Landsat 8 image on the left, results of running this model overlaid in the right view |
Satellite imagery suffers from the influences of weather, especially the presence of clouds. The clouds not only obscure the features below them but also cast shadows that attenuate the light reflected back from the features falling in those shadows. For many sensors, such as Landsat, a basic cloud mask is often provided with the data. But sometimes this can be inaccurate or lacking entirely. An automated way to map the locations of clouds and, optionally, areas of shadowing/shading, is frequently helpful in excluding these locations from further processing, or to identify the locations which need "back filling" using older data of the same location.
This article looks at one such research area. It is not offered as a finished, fool-proof approach, but as a topic for further investigation and fine tuning. Feedback is, as always, encouraged and welcomed.
Landsat8_Cloud_Mask_v16_1_4.gmdx |
The basic premise is based on the paper "Generation of Cloud-free Imagery Using Landsat-8" by Byeonghee Kim, et al . The premise is that clouds generally reflect strongly in certain bands (such as the Cirrus and Coastal Blue bands) where as they are also cold and therefore have low returns in the thermal band(s). Consequently you should be able to threshold the bands to help identify cloud locations. But the traditional problem with this is that the threshold has to be manually chosen, or is fixed based on certain assumptions of pre-processing, making it sometimes difficult to apply scene to scene. For example, see the article entitled "Simple Cloud Mask for Landsat Imagery" for an example of fixed thresholds dependant on data that has been corrected to Surface Reflectance. Instead Kim et al recommend using a clustering technique to automatically identify the threshold points. In this model we have used ISODATA to perform the automated thresholding.
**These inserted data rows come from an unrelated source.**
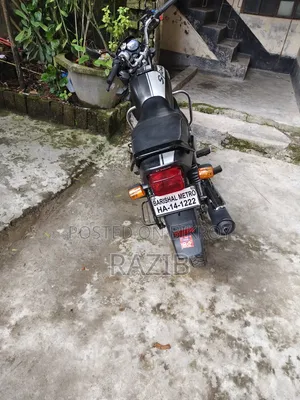 হিরো স্প্লেন্ডার প্লাস ২০২৬ গ্রে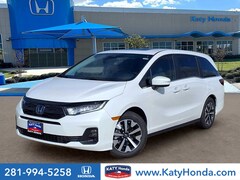2026 Honda Odyssey EX-L Van Passenger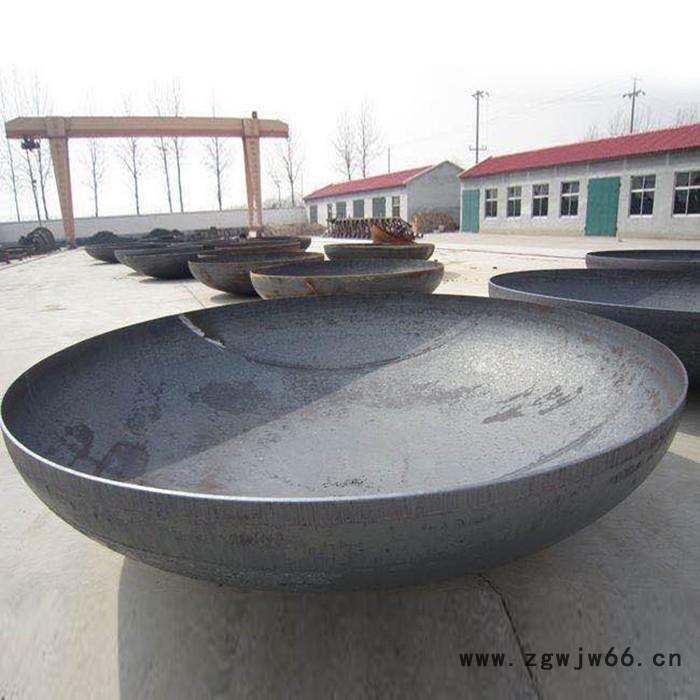 化工焊接封头 工业级管件 大口径封头 焊接封头图6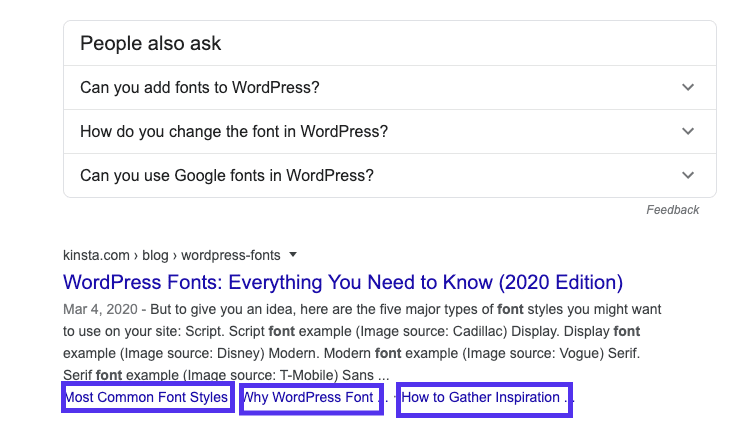 WordPress终极SEO优化方案: 60+站长必须掌握的SEO小技巧 – )、项目符号列表和编号列表插图33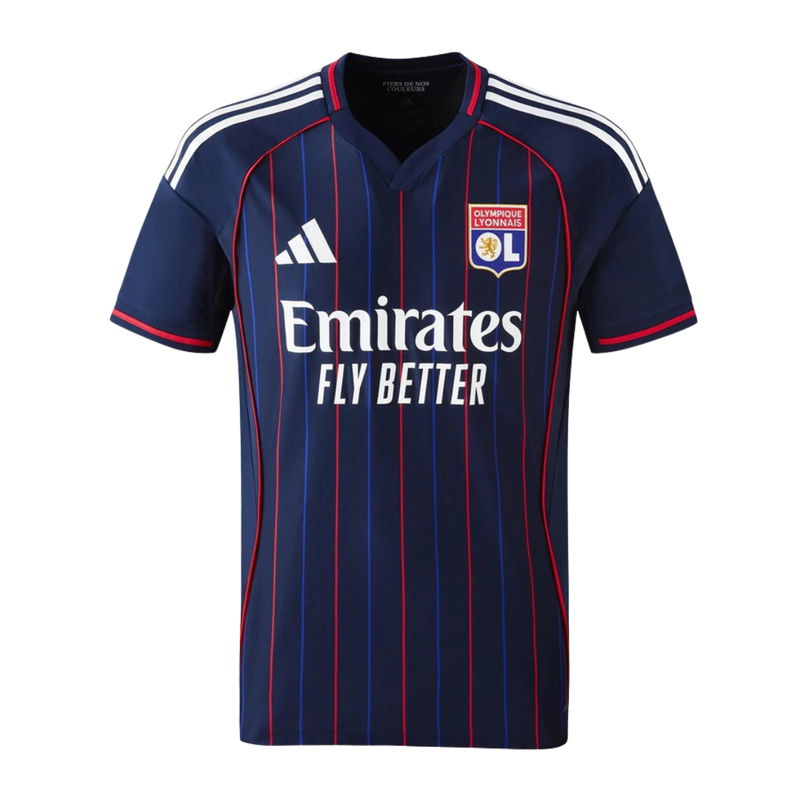 LYO Maglia Away 25/26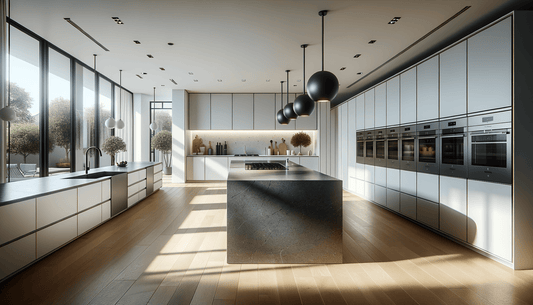 Silestone Marengo Quartz Surfaces for Timeless Interior Design - Zicana Boutique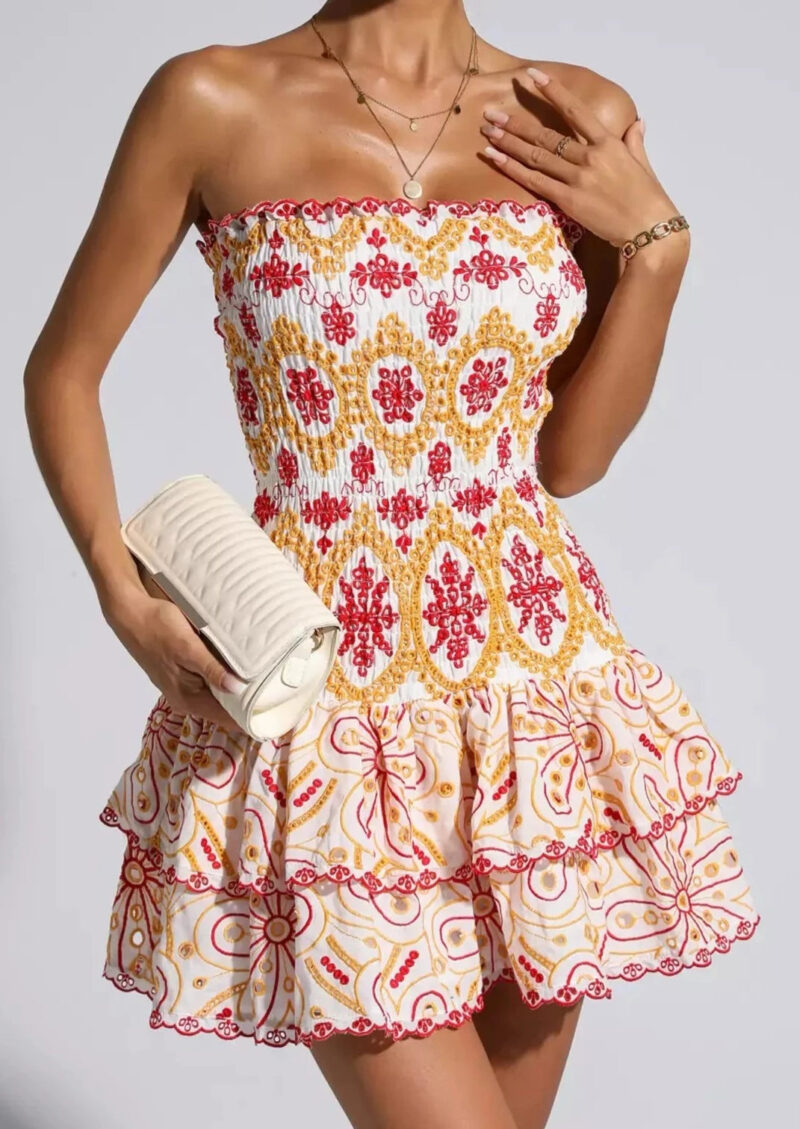 Amalfi Dress - Image 10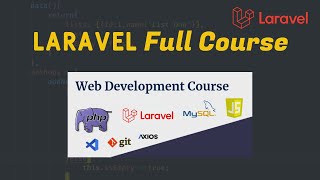 Laravel Full Course Class 27 | Custom Authentication | Email Verification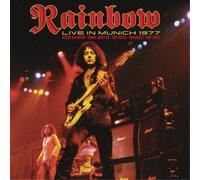 Rainbow Live in Munich 1977 (Vinyl) 12" Album Box Set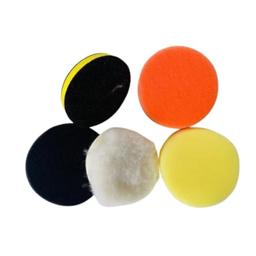 Foto de SET 3 PAD 3" + ACOPLE + BACKING PLATE + CORDERO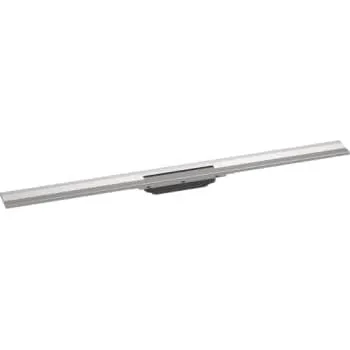 Hansgrohe RainDrain Flex kappesæt 1000 mm, børstet rustfrit stål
The paper uses a similar assumption to attempt to identify shadows cast by the clouds. The authors suggested first identifying the cloud location and then searching (buffering) to a distance of 200 pixels (which has been provided as a user-definable variable in this model) and looking for a cluster of dark pixels in the lower SWIR (Band 6). Note: The paper actually states "band 6 (NIR)" which is contradictory. Observation of several test images seemed to indicate that Band 6 (the lower SWIR band) gave both a low return in shadows and a high return in other areas, and so was used.
Based on these automated thresholds, 3 sets of criteria are evaluated and combined:
Type of Mask
|
Threshold Conditions
|
---|---|
Thick Cloud | Band 9 > threshold B9 (i.e. bright) & Band 10 < threshold B10 (i.e. cold/dark) |
Thin Cloud |
Band 1 > threshold B1 (i.e. bright) & Band 9 < threshold B9 (i.e. dark) & Band 10 < threshold B10 (i.e. cold/dark) |
Shadow | Band 6 < Lowest threshold B6 (i.e. dark) |
Using these rules produced decent results. However analysis of several test images highlighted at least two major concerns which needed addressing:
This appeared to increase the accuracy of the Cloud and Shadow identification. However cloud locations were still generally under-classified (errors of omission). So an option to Dilate the cloud locations is provided and should generally be used.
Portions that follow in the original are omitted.